Syrian Foreign Minister Walid Muallem, who will lead the Syrian delegation at the Geneva conference, was thought to have traveled to Moscow for a last coordination meeting with Russian officials before going to Switzerland.
The Syrian National Coalition of opposition organizations is under Western pressure to attend the Geneva conference. Several Arab newspapers noted prominently on Wednesday that the United States and Great Britain had threatened to stop aid to the opposition if it does not attend.
Western and Gulf Arab nations pledged $1.4 billion on Wednesday for United Nations aid efforts in Syria, where an almost three-year-old civil war has left millions of people hungry, ailing or displaced.

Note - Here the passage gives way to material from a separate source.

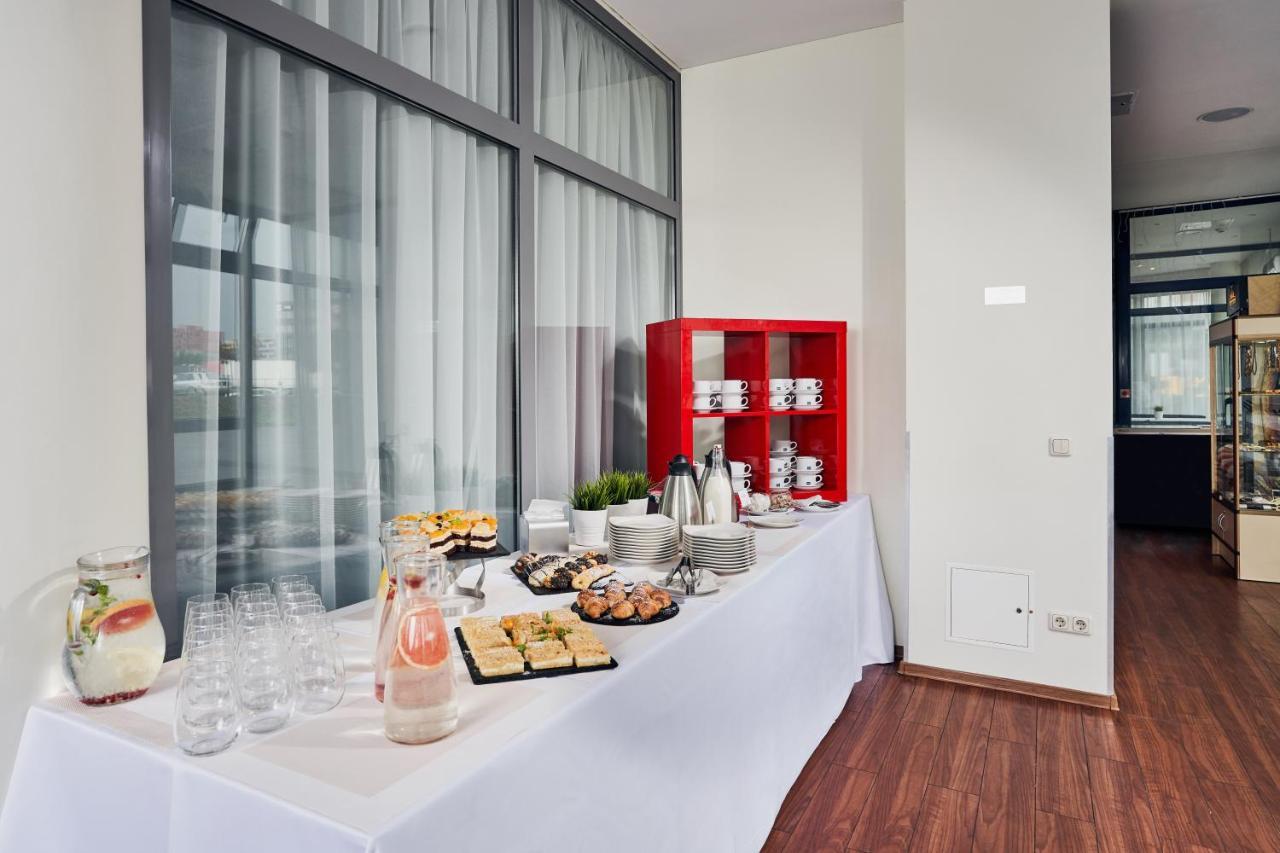 Green Park Hotel Vilnius Exterior photo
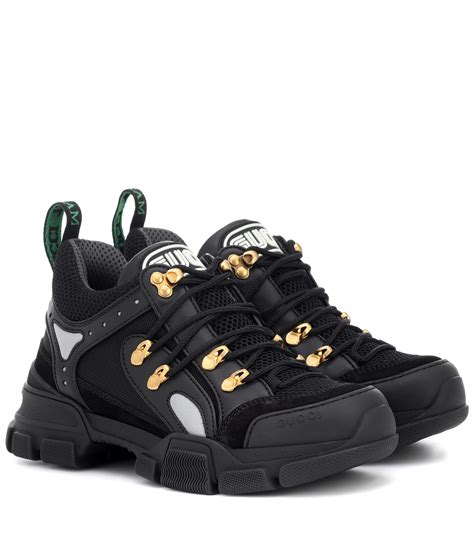 gucci sneaker flashtrek|gucci flashtrek sneakers men.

The pledge arose from an appeal for $6.5 billion launched last month that is the largest in U.N. history. The world body estimates that the conflict has reversed development gains in Syria by 35 years, with half its people now living in poverty.
But only 70 percent of $1.5 billion pledged at a similar meeting last year has reached U.N. coffers, hinting at donor fatigue with no end to the bloodshed on the horizon.
U.N. humanitarian chief Valerie Amos said all sides in the conflict had shown "total disregard for their responsibilities under international humanitarian and human rights law."
She decried the increasing tactic of siege warfare while U.N. Secretary-General Ban Ki-moon said polio had returned and he was "especially concerned" about reports of starvation.
"Children, women, men are trapped, hungry, ill, losing hope," Amos told an international donor conference in Kuwait intended to help the United Nations reach its $6.5 billion target for the crisis in 2014.
Kuwait's ruling emir, Sheikh Sabah al-Ahmed al-Sabah, promised $500 million in fresh assistance, while the United States announced a contribution of $380 million.
Qatar and Saudi Arabia pledged $60 million each. The European Union pledged $225 million and Britain $165 million.